= Problem details =
Look below for the line with "Star Wars The" and the line with "AM.PM<br>Luminária de teto"; repeat exactly those two lines and all lines between them, but no pictures.

= Data section =

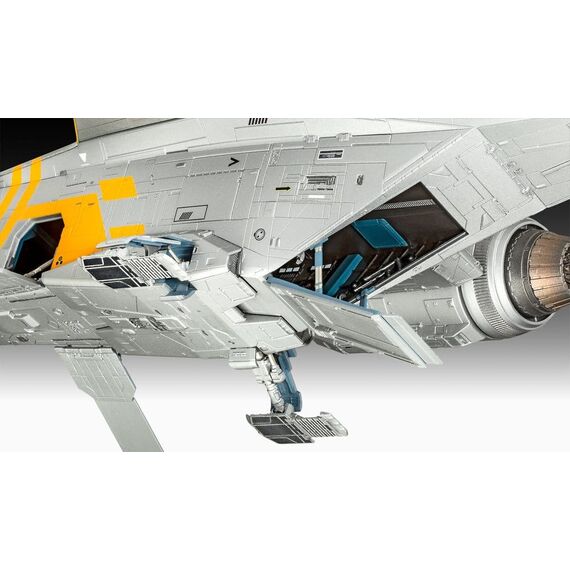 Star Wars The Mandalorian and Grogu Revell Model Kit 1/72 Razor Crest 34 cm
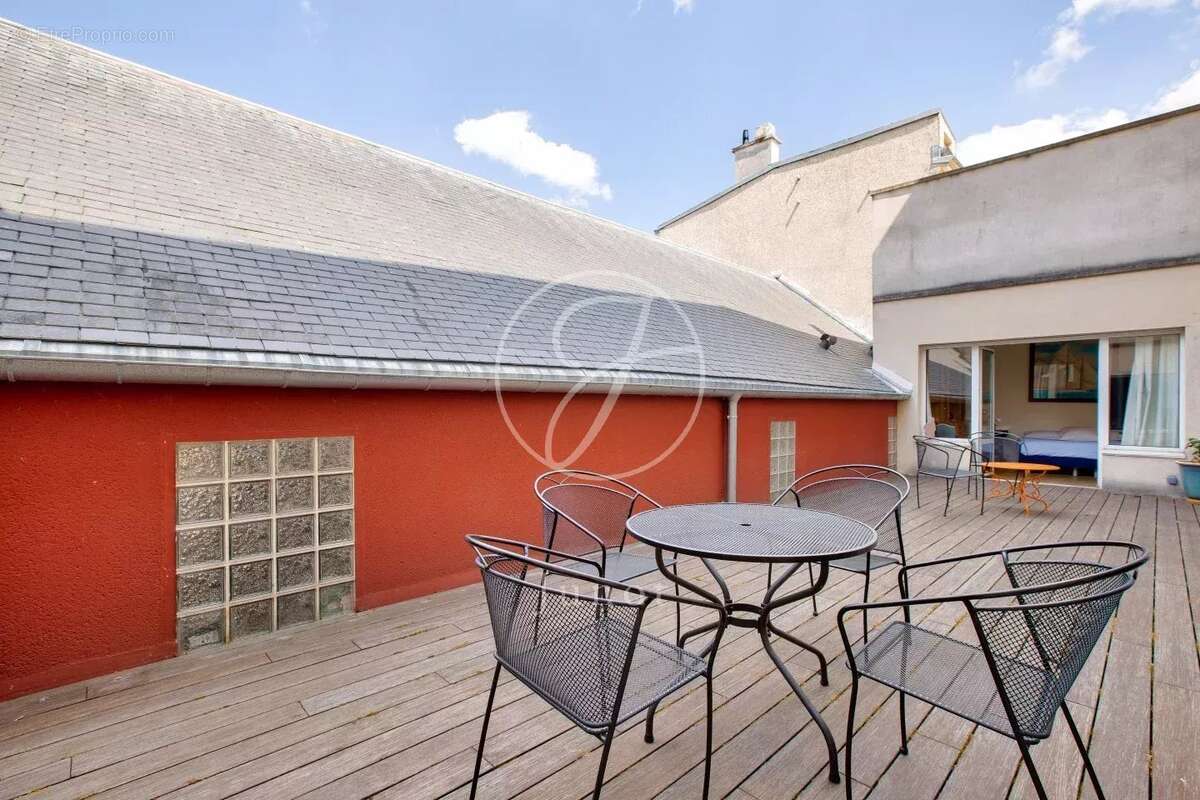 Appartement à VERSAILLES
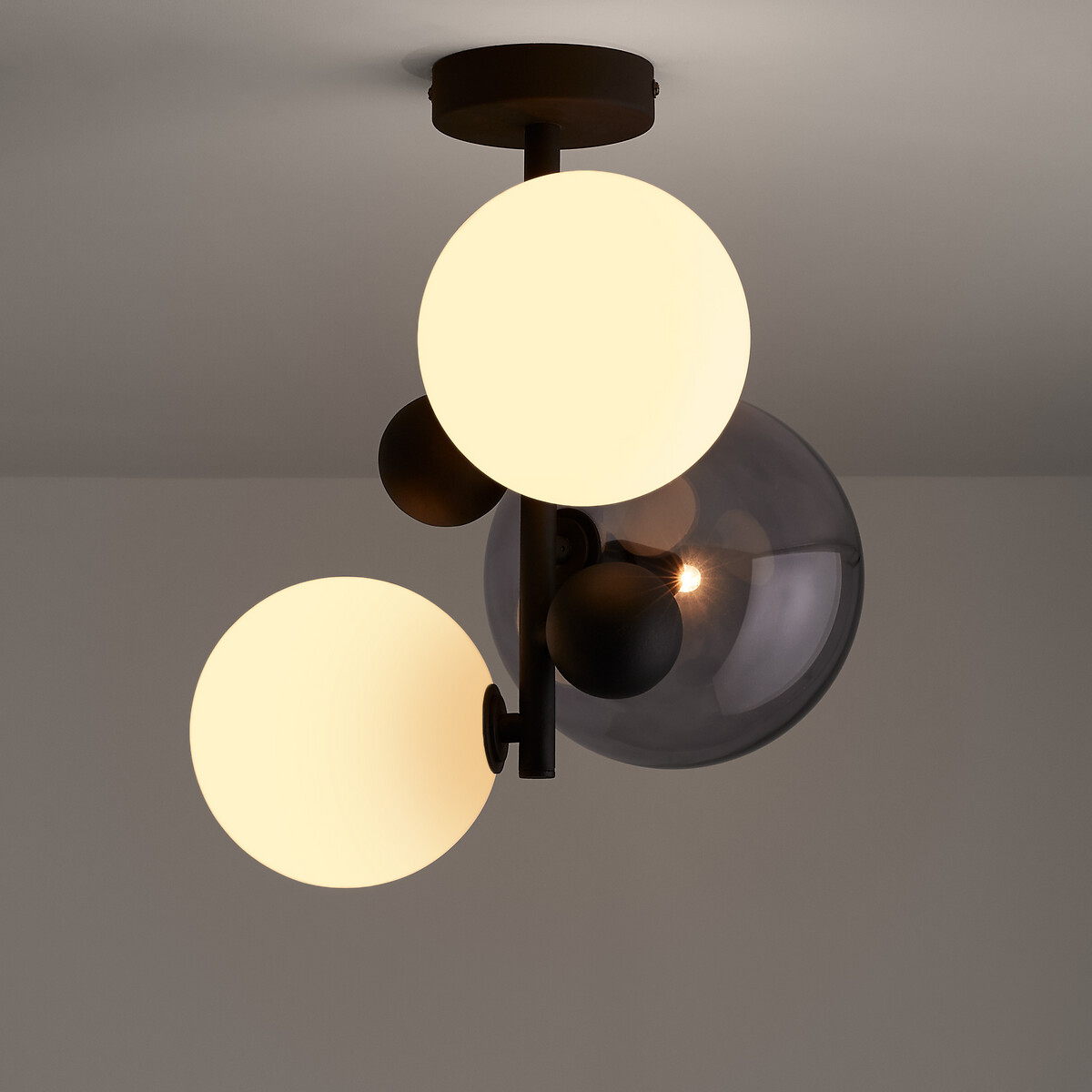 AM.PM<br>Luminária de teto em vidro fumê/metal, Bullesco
--
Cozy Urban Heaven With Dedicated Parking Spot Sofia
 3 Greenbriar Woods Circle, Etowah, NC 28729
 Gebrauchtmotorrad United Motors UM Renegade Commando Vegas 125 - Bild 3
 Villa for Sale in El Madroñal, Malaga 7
...
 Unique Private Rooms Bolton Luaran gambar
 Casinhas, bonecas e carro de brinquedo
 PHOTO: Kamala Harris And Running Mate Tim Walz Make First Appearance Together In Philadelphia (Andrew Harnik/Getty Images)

= Reply =
 Star Wars The Mandalorian and Grogu Revell Model Kit 1/72 Razor Crest 34 cm
 Appartement à VERSAILLES
 AM.PM<br>Luminária de teto em vidro fumê/metal, Bullesco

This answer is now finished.